Just days before the planned delivery of the international space station's largest laboratory, its crew is facing a much more down-to-Earth problem: a stopped-up toilet.
The international space station's toilet relies on vacuum equipment and air flow to carry waste away in zero-G. That equipment isn't providing enough suction on a regular basis, NASA says.
The international space station's toilet relies on vacuum equipment and air flow to carry waste away in zero-G. That equipment isn't providing enough suction on a regular basis, NASA says.NASA

Just days before the planned delivery of the international space station's largest laboratory, its crew is facing a much more down-to-Earth problem: a stopped-up toilet.

This is no laughing matter. The outpost's long-term hygiene and routine comfort are now threatened, unless critical spare parts can be identified, found and loaded aboard the space shuttle Discovery as it sits on the launch pad in Florida.

Long a subject of bathroom humor, these high-tech commodes must use fan-driven air flow instead of gravity to transport human waste away from a crew member’s body and into a sanitary receptacle. Early spaceflights didn’t even have this method, but relied on bags with sticky openings — and an emergency supply of such bags is indeed aboard the space station. 
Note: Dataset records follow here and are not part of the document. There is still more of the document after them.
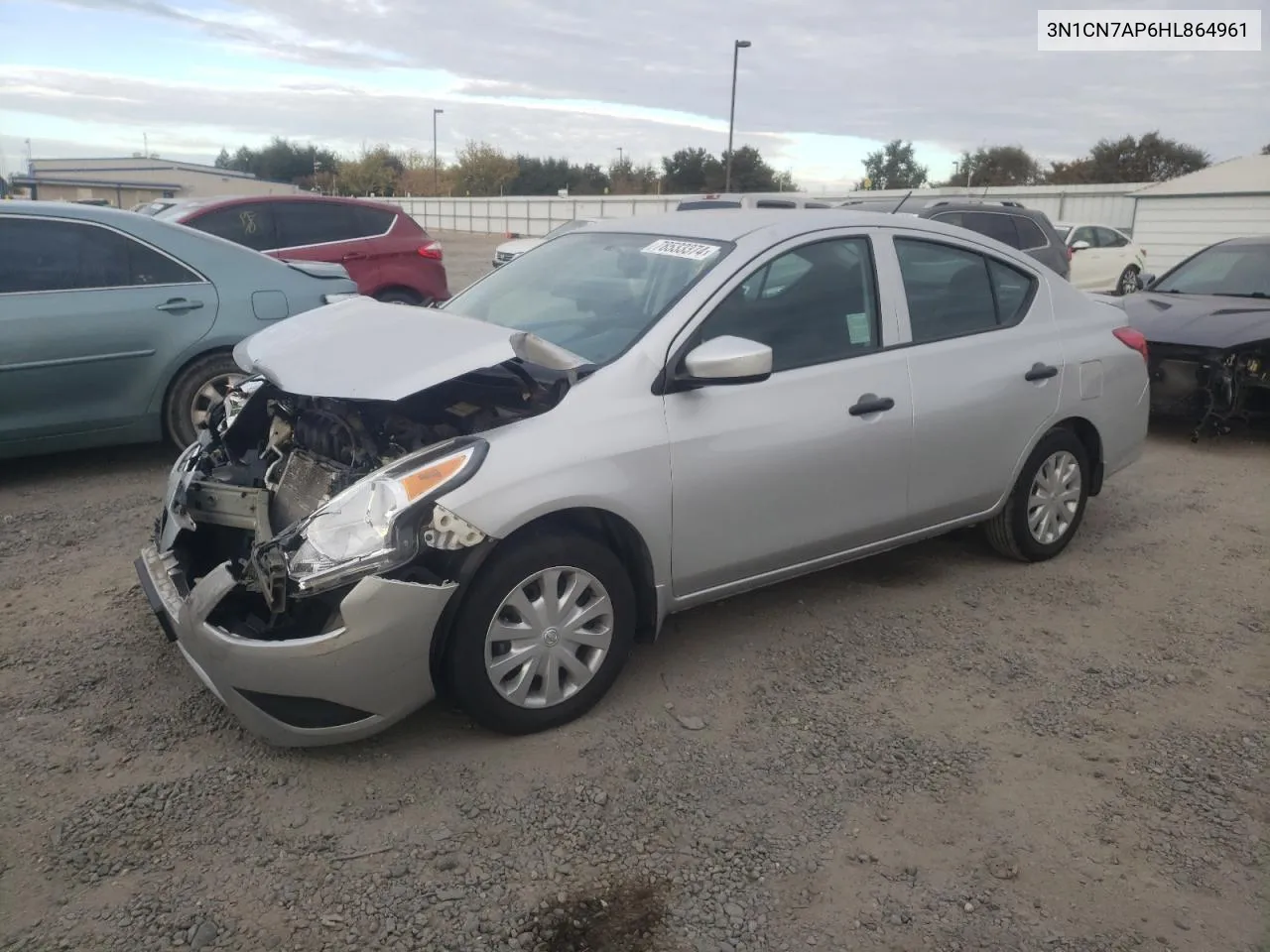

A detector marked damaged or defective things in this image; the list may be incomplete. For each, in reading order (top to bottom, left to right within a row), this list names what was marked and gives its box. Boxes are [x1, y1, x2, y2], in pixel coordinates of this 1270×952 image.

crumpled hood [233, 298, 531, 404]
crumpled hood [1117, 294, 1270, 350]
damaged front end [1153, 340, 1270, 441]
damaged front end [140, 355, 576, 751]
broken headlight [284, 438, 484, 596]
The current round of trouble started last Wednesday in the Russian-built Zvezda service module, the station's main living room, as noted in a NASA status report: "While using the toilet system in the Service Module, the crew heard a loud noise and the fan stopped working.  After some troubleshooting the crew reported that the air/water separator was not working.”

Cosmonauts Sergey Volkov and Oleg Kononenko, assisted by NASA astronaut Garrett Reismann, tackled the problem immediately. They replaced the separator with a spare unit, but told controllers that the toilet didn't provide suction. Then they replaced the toilet's filter, which proved to be just a fleeting fix.
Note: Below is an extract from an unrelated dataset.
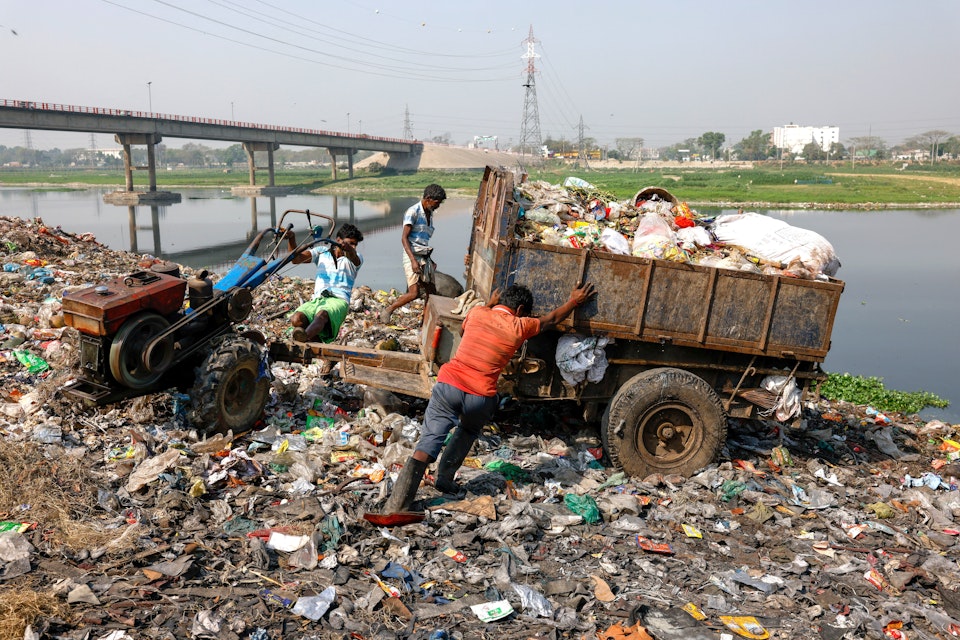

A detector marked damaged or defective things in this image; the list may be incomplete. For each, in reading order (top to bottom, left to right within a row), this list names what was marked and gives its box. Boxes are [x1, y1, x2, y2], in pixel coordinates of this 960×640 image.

torn cloth [556, 336, 608, 384]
Mission Control in Moscow told the crew to turn off the toilet and use the unit inside their Soyuz transport ship. Designed only to support free flight between Earth and space and back, that unit has only enough storage capacity for a few days of crew use. 
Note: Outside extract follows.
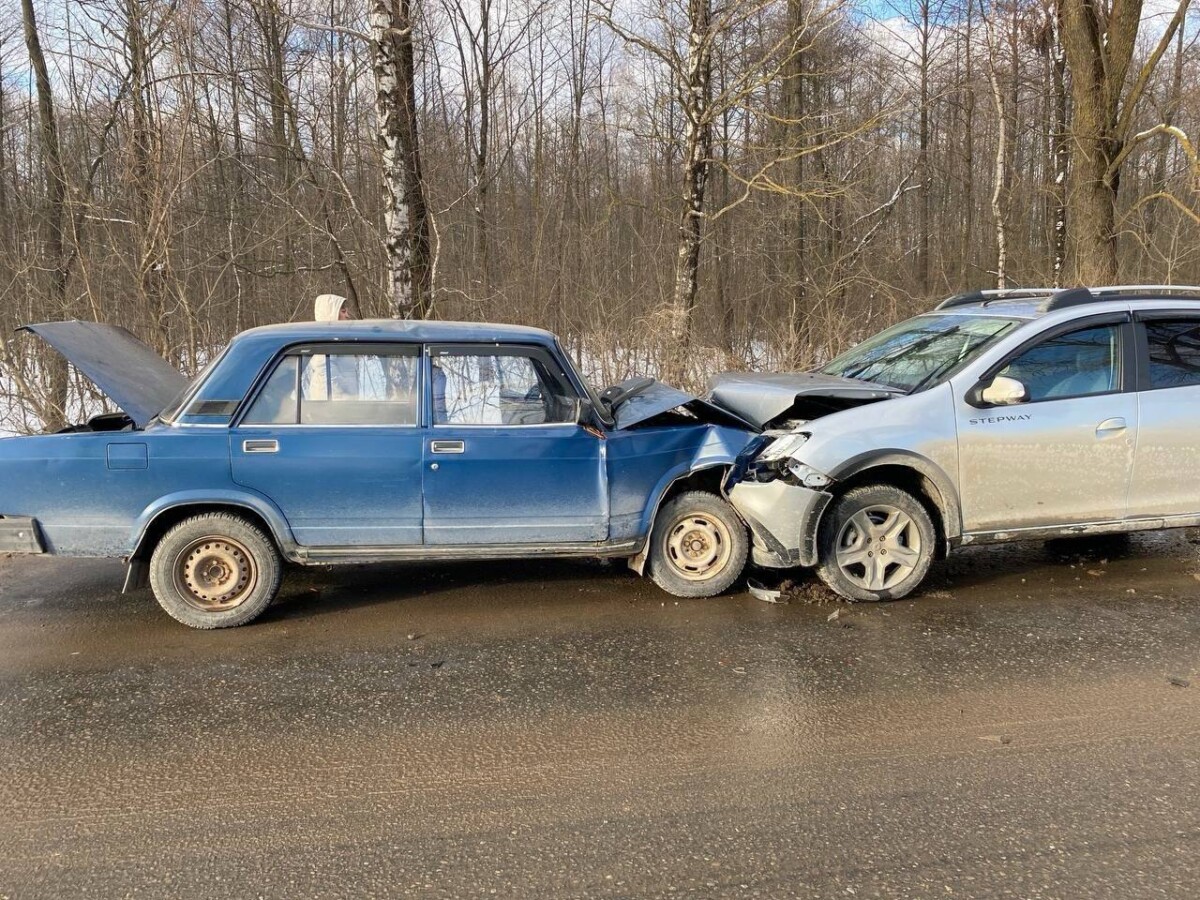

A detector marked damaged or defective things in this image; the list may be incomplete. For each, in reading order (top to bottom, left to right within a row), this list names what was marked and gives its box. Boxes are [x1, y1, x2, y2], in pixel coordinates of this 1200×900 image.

Over the next few days, the toilet was reported "fixed," and NASA's daily reports contained messages of "routine maintenance" on the unit. But rumors circulated within the space community that the fixes kept breaking.

On Tuesday, NASA spokesman Josh Byerly confirmed that the toilet was still balky.

“Over the weekend the crew experienced more trouble with space station toilet,” he told reporters. “They had thought they had corrected it but the same fault returned, and they fixed it again.”

The toilet didn't stay fixed for long. “It failed again this morning,” he concluded.

Byerly did not address other reports, passed along privately to msnbc.com, that a "fabrication flaw" has been discovered in the toilet's compressor units. One source in Houston said that the hardware used there for crew training may be flown to Florida for launch aboard Discovery, even though it too is expected to fail quickly. The source was not authorized to discuss the situation publicly, and thus spoke on condition of anonymity.

A major new unit, intended to allow the expansion of crew size from three to six members, is being prepared for launch late this year. Until then, the current hardware — and the supply of "Apollo bags" for fecal collection — may have to suffice. And if previous experience is any guide, the Russian engineers and cosmonauts will find McGyver-type solutions to make it work.

Over the years, the station's Russian-made life support hardware (such as oxygen generators and carbon dioxide scrubbers) has limped along, occasionally breaking down and then being fixed or replaced with spares.

Designed to be robust, and to be easily serviced in orbit, this hardware approach has shown resilience and “repairability.” That may be just the approach required for the life support systems to be used on years-long human missions to other planets.